Logistics: Natural Fit for E-Business Initiatives
The logistics of mining, beginning with a process starting at the natural resource, moving through the process and ending up with a client, pose exceptional opportunities for e-business. Evaluating, ordering, receiving, processing, recording, analyzing, measuring, storing and shipping are a few of the areas where e-business can help a mining corporation.
For instance, automating the logistic process of supply meeting demand can be very clearly felt both in transportation and in the organization of transportation. Selecting best modes, routing and timing are all areas where technology can play an important part. In addition, automated procedures involving areas such as financials and supply chain can reduce costs and enable companies to concentrate on core competencies.
Meeting the Challenge of Globalization in the Mining Industry
Mining companies have always needed to manage their businesses in many different ways. They have to deal with local governments, currencies, customs, business practices and languages. Many technology applications already include options that deal with foreign currencies, languages and customs.
Probably, the biggest payoffs for mining companies will come in ways and at scales not yet imagined.
Take, for instance, the example set by Goldcorp Inc. in setting up the “Goldcorp Challenge” on its Web site. The company “broke the mold” by sharing information about its orebodies around the world when everyone else knew that an orebody is not a sharable commodity. The results, in the form of expertise from some of the best minds in the world, will speak for themselves!

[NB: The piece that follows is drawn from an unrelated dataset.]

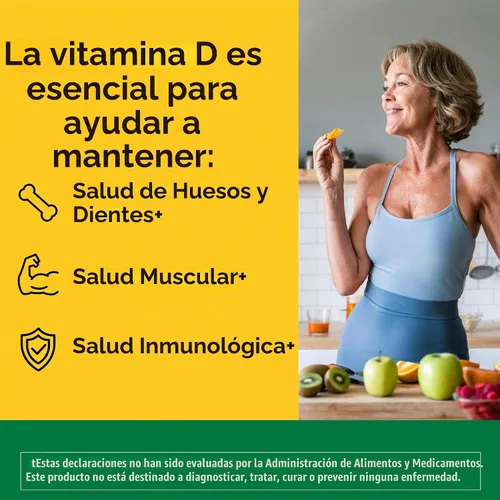 Vista 2 de Nature Made Vitamina D3 1000 UI (25 mcg), 100 cápsulas blandas de vitamina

In effect, what Goldcorp initiated was a worldwide brainstorming session via the Web in which the company offered $500,000 in prize money to exploration experts to help find the “next” 6 million ounces of gold at its Red Lake mine in Balmertown, Ont. The strategy was to make available to anyone, anywhere in the world, a valuable proprietary geological database via the Internet, as well as software to analyze and depict this data graphically in 2D and 3D, plus an economic incentive to have the participants share their geological insights.
Within a week of launching its Web site, Goldcorp had attracted the attention of the mining industry on every continent and received 120,000 hits to the site. There had been 250,000 hits on the site within four months, and more than 1,300 individuals, corporations, domestic and foreign government geological agencies, and universities, representing 50 countries, had registered for the challenge. Goldcorp’s creative thinking in using the Web is proving to be a “master stroke” of genius.

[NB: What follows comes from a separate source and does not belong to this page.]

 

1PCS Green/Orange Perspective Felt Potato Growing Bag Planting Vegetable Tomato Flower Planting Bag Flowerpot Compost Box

In an increasingly global economy where success depends on enhancing knowledge, improving time to market and realizing new efficiencies to compete more effectively, e-business is a natural fit.
But, as IBM chairman and CEO Lou Gerstner cautioned in a guest commentary in a recent issue of Business Week, companies should not be blinded by ‘dot.com’ alchemy. They must think long and hard about the long-term impact of their plans before acting. Don’t get into e-business because everyone else is doing it, but because it is the right thing to do for your company.

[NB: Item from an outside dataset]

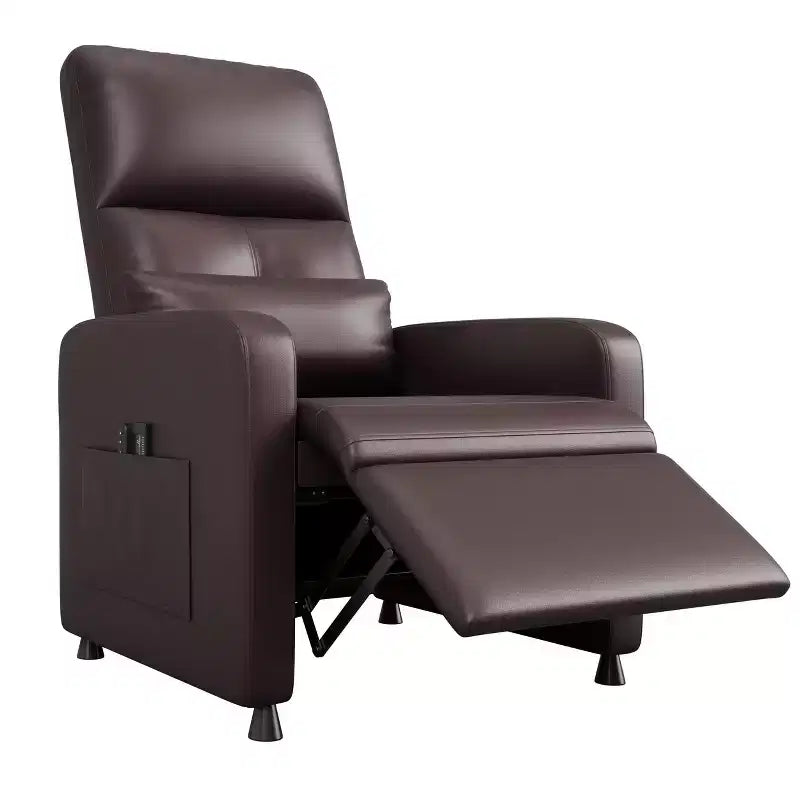 Poltrona Reclinabile Power Lift, Divano Singolo Imbottito in Pelle PU con Schienale Alto e 2 Tasche Laterali, Seduta Regolabile per Home Theater per Soggiorno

The expanding need for consultancy expertise in services, such as e-business, led IBM to create a leading consulting organization which has developed into the world’s largest consultancy group, based on a recent international survey by Management Consultant International.
Few would argue that, before embarking on any major business transformation, it’s best to leverage consulting expertise to establish direction, method and probable outcome. Effective planning can only help ensure success.